Friday, January 8, 2016

Incessant Divagation

By Rick Jones, Husband of the Minister's Wife

Punctuation is important. I don't always get it right. I've forgotten some of the rules, some have changed since my long-ago school days, and some I simply choose to ignore. I consider the “rules” of grammar and punctuation to be more like “guidelines”. So it may be slightly hypocritical of me to get irritated when I spot the incorrect usage of “its” and “it's”; “who” and “whom”; “to”, “too”, and “two”. [This would be a good spot for Groucho Marx, a master of “pun”ishment, to make a comment about using a tutu incorrectly – but since he's dead, that would be more startling than amusing]. Speaking of puns, which I wasn't, since I'm writing, not talking, did you hear about the firefly that backed into a fan? He wasn't upset, he was de-lighted! If the Invisible Masn had a child, would that make him a trans-parent?

I enjoy playing with the English language. There are nonsensical phrases that somehow express a thought better than anything rational [example: Stephen Peacock's “He flung himself from the room, flung himself upon his horse and rode madly off in all directions”]. And “proper” English which makes fun of the “rules” – like Winston Churchill's remark, “Ending a sentence with a preposition is something up with which I will not put.”

Even nothing can mean a great deal. A space. A bit of nothing. But there's a huge difference between “God is nowhere” and “God is now here”. A comma can certainly change the meaning of a phrase. I worked with a radio sports announcer who ended his broadcasts with the eco-friendly sign-off, “. . . and remember, recycle, everybody!”. Once, before resuming the regular format, I joked, “That reminds me of the movie 'Soylent Green', where they really did [SPOILER ALERT] 'recycle everybody'”. I was never again on his Christmas card list. And if you don't get the joke, go find a copy of the movie. It's worth watching, and if you really get caught up in it, the closing credits are profoundly disturbing.

This all came to mind while I was writing last week's article about our George collection. I was also thinking of the history lesson I planned for next month to commemorate George Washington's birthday. I realized that I could call last week's article “Georges: Relocation” and this week's article “George's Relocation”. I thought the idea was so funny that I wrote this article a month early so the two could appear back-to-back.
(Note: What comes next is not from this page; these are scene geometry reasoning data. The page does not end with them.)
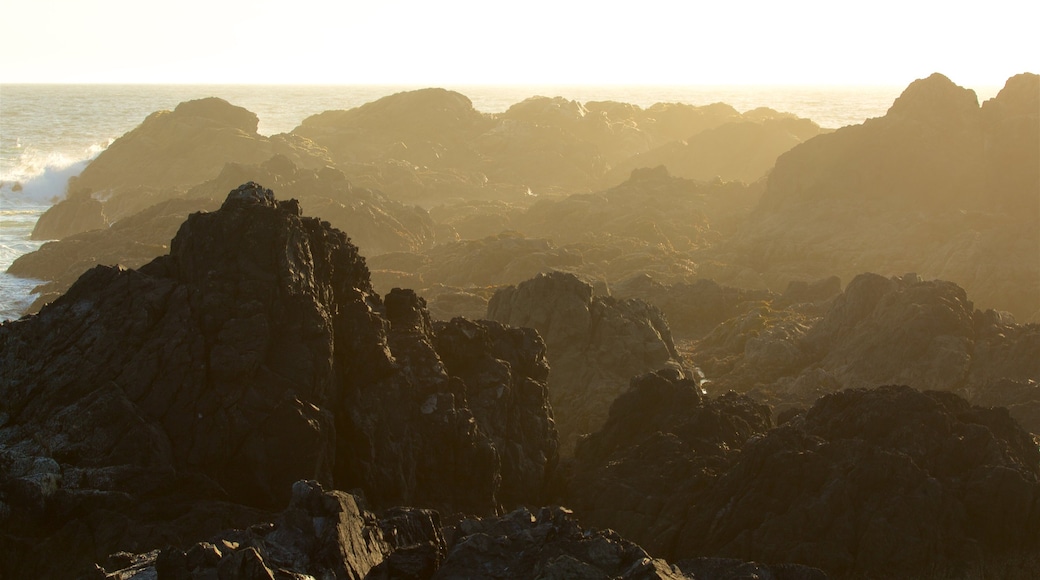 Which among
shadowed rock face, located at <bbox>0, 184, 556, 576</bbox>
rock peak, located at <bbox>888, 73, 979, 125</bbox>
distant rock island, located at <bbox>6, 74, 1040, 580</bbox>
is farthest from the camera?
rock peak, located at <bbox>888, 73, 979, 125</bbox>

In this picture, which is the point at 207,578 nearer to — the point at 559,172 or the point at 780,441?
the point at 780,441

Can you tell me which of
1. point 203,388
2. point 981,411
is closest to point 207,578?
point 203,388

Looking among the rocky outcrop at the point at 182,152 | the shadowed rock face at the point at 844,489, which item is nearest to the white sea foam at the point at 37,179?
the rocky outcrop at the point at 182,152

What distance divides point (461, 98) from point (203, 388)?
10839cm

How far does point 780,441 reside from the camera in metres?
27.3

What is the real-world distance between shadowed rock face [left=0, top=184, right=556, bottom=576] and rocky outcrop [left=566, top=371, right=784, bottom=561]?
2171 mm

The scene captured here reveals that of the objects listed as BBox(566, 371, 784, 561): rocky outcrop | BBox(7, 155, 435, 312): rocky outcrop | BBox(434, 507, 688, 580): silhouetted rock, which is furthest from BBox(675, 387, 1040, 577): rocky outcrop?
BBox(7, 155, 435, 312): rocky outcrop

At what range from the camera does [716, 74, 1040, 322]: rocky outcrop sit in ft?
202

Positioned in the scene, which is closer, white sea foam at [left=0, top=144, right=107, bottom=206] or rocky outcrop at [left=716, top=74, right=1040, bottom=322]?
rocky outcrop at [left=716, top=74, right=1040, bottom=322]

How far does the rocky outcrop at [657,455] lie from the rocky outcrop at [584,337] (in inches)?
210

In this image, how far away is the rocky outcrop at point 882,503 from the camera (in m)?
25.0

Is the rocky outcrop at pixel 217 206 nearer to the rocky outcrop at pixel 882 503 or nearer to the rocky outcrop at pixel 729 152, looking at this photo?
the rocky outcrop at pixel 729 152

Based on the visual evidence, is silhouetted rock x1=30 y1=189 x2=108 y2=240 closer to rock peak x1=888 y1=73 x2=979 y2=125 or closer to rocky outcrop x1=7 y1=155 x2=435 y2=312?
rocky outcrop x1=7 y1=155 x2=435 y2=312

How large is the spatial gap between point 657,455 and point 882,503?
613cm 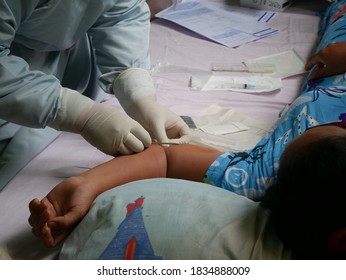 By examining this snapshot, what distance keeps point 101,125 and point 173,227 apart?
0.36 metres

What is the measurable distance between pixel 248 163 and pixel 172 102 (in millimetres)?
446

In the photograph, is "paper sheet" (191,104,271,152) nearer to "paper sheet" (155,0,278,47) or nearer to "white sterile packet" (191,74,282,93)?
"white sterile packet" (191,74,282,93)

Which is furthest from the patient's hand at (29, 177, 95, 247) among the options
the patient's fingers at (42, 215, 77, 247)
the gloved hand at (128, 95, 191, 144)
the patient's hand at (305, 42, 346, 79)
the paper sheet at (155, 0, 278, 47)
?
the paper sheet at (155, 0, 278, 47)

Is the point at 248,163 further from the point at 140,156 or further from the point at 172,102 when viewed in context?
the point at 172,102

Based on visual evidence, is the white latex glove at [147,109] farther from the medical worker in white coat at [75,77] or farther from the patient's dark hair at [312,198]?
the patient's dark hair at [312,198]

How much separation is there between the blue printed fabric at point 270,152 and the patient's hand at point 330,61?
0.72ft

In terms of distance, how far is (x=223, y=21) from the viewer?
1.93m

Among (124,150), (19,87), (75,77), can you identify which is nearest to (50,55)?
(75,77)

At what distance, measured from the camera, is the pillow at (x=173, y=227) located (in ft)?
2.21

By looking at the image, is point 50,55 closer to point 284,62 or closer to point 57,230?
point 57,230

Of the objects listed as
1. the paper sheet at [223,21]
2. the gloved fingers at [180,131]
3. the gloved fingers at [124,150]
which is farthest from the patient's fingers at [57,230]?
the paper sheet at [223,21]

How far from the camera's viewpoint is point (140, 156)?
0.97 metres

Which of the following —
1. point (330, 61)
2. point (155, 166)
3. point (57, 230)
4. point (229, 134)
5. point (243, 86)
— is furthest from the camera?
point (243, 86)

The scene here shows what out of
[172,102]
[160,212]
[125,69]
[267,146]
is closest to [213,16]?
[172,102] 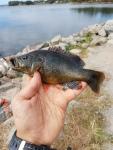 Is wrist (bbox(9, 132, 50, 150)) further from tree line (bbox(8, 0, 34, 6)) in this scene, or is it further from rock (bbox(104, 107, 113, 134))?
tree line (bbox(8, 0, 34, 6))

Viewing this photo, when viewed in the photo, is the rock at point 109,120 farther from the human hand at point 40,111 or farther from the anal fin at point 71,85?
the anal fin at point 71,85

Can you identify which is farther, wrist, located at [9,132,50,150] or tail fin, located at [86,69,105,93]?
wrist, located at [9,132,50,150]

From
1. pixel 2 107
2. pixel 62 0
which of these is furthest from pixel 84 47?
pixel 62 0

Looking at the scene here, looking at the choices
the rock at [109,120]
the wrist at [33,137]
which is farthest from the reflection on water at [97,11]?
the wrist at [33,137]

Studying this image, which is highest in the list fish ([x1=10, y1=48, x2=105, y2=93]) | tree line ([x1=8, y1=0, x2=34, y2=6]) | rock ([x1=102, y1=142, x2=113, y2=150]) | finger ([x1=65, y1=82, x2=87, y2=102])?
→ fish ([x1=10, y1=48, x2=105, y2=93])

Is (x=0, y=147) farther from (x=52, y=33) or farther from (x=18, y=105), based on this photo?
(x=52, y=33)

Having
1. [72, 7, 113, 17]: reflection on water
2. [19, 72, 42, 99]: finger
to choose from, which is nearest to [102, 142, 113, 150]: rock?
[19, 72, 42, 99]: finger

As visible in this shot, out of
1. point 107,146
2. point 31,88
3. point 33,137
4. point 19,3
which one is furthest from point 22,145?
point 19,3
Except that instead of the history article, I dished up a plate of humorous uses of punctuation with side orders of puns and homonyms. Which means that you should drop by next Friday to learn about the boyhood of our nation's first president, when I present “George's Relocation Two”. Or maybe “George's Relocation, Too”. And since I'll tell you where he went, I could call it “George's Relocation To . . .”

Did I mention that like playing with the English language? I blame this in part on the high school teacher who displayed a plaque on her desk which read “QWYTCHURBELYAKIN”. Most students wouldn't spend the time necessary to decypher it, but a few of us got it: it can be sounded out to say “Quit your bellyaching”. But just to be contrary [a hallmark attutude of my hgh svhool days], I always told her it said “Quite cherub eel yacking”and had no idea what it meant. And bellyached about displaying a nonsense plaque in a place where she was supposed to help us make sense of things.